Oi, oi! Eu sou a Dia e essa é uma newsletter com intenção de elaborar questões sobre escrita, literatura, saúde mental y otras cositas que me interessam.
Esta é uma edição extra.
Assina e indica para as amigas. <3
Eu estou em um período bem complicado em termos de criatividade. Presa aos enredos dos dois livros que vou lançar ano que vem (assim, espero!) que nada tem a ver com outras coisas que quero escrever no momento. Ambos os projetos estão com as editoras e eu aguardo impacientemente o momento em que começaremos a editar, momento esse que depende de calendários que não são meus (são duas editoras grandes, o processo é lento). Lembro de ter lido em alguma carta da Clarice Lispector que esses momentos de espera eram uma tortura para ela porque depois que ela terminava de escrever, não queria mais ver o texto. Me sinto um pouco assim. Queria que já estivessem publicados e pronto: eu voltaria a me sentir livre para escrever outras coisas; pensar no próximo livro que já está meio formatado na minha cabeça, uma coletânea de contos de horror (ou quase) com protagonistas adolescentes onde o corpo é o cerne de todas as narrativas. Esse corpo meio desconjuntado que temos na adolescência, sempre imperfeito.

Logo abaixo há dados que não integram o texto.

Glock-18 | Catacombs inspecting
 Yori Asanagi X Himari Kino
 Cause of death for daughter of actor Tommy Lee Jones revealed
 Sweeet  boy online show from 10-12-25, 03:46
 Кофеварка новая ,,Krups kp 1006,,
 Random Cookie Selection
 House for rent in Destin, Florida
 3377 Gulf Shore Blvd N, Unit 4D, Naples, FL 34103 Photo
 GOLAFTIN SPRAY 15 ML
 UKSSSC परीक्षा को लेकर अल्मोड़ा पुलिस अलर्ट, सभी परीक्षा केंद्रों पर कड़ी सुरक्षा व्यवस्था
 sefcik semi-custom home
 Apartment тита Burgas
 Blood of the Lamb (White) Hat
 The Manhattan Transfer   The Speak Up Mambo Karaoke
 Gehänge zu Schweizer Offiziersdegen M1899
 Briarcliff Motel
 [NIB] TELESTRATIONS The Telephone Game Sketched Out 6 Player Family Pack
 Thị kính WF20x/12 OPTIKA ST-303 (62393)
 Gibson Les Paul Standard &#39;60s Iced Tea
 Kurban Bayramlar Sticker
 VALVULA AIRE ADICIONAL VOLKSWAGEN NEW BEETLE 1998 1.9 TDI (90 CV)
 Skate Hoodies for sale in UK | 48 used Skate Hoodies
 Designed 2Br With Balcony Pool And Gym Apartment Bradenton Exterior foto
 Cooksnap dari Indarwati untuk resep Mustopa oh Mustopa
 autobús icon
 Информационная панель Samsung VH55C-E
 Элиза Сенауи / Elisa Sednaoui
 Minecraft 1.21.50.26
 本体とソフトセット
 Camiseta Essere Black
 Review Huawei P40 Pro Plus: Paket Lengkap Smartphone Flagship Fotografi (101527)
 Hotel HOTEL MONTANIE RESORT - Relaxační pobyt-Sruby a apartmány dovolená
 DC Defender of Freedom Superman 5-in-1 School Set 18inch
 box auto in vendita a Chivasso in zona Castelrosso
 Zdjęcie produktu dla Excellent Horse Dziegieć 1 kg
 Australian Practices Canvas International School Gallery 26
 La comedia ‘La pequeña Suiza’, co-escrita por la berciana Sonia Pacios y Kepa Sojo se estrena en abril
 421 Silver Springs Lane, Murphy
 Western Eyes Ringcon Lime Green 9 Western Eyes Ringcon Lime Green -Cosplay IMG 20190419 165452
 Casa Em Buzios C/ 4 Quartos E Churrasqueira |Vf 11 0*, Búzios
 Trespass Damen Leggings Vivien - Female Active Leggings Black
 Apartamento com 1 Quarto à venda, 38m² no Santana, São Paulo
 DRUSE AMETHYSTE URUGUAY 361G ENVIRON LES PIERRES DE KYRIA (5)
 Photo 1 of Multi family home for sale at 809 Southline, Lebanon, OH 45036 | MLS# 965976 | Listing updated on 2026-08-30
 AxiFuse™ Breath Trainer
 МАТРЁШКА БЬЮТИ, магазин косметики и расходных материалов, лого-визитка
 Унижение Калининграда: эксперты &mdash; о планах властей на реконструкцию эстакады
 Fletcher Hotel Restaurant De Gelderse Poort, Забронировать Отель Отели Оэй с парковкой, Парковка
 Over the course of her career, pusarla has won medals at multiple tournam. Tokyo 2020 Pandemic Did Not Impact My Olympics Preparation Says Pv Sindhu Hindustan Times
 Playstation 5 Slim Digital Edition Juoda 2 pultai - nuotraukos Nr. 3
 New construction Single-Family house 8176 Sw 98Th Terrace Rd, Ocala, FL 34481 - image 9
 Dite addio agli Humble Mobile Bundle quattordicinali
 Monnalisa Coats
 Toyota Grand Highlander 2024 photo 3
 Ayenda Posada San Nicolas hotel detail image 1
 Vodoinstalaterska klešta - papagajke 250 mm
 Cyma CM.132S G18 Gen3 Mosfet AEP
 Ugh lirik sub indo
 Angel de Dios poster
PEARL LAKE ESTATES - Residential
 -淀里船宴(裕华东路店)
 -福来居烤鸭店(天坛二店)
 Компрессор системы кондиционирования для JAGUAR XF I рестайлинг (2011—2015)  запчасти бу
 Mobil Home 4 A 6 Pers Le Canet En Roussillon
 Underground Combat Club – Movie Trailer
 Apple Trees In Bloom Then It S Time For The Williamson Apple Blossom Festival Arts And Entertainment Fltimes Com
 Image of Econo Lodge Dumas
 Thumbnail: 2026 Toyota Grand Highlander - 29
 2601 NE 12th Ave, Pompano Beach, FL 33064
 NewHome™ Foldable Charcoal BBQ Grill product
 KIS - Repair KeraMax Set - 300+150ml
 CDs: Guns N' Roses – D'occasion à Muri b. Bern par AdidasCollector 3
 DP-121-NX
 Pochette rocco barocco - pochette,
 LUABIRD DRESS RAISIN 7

Estava meio travada (tenhos uns 5 contos desenhados), mas mês passado tive aula com a Amara Moira no CLIPE da Casa das Rosas e ela trouxe várias provocações para pensarmos a escrita a partir da literatura erótica. Um jeito novo, para mim, de pensar o corpo. Como historiadora, eu sempre pensei o erotismo a partir da religião, da experiência mística. Como mulher, nunca me encontrei dentro da pornografia, nem da que se diz “feminista”. É um produto que não costumo consumir.
No primeiro exercício, ela pediu para escolhermos uma parte do corpo que não fosse óbvia e partisse dela para criar uma cena. Eu escolhi o estômago e desenvolvi o tema em um conto sobre irmãs siamesas que já estava iniciado. Não vou falar sobre esse conto ainda porque é algo que quero desenvolver com calma no futuro.
Para não perder o exercício, comecei um novo conto partindo do pescoço. Mãos e pescoço são as primeiras coisas que eu olho em alguém. As mãos precisam ser bem cuidadas, sem nós grossos, delicadas, unhas feitas (pessoas, cuidem das mãos, please!). Gosto de um pescoço alongado, firme ao toque das mãos que podem seguir livre até a nuca e agarrar um bom punhado de cabelo. Um pescoço em que a gente possa meter o nariz e cheirar longamente, em que a língua possa deslizar sem medo até chegar no lóbulo da orelha enfeitada com um brinco que você prende entre os dentes e puxa só na medida da dor que também é prazer.
Me mexo na cadeira enquanto escrevo isso e percebo que estou excitada. Mas não é (somente) o tema que me excita. É o desafio da escrita. É observar o texto crescendo (sem trocadilhos) enquanto digito quase sem parar ou parando somente pra sentir o calor no baixo ventre. Escrever me dá um tesão imenso. Mexe com meu corpo, me faz sentir viva.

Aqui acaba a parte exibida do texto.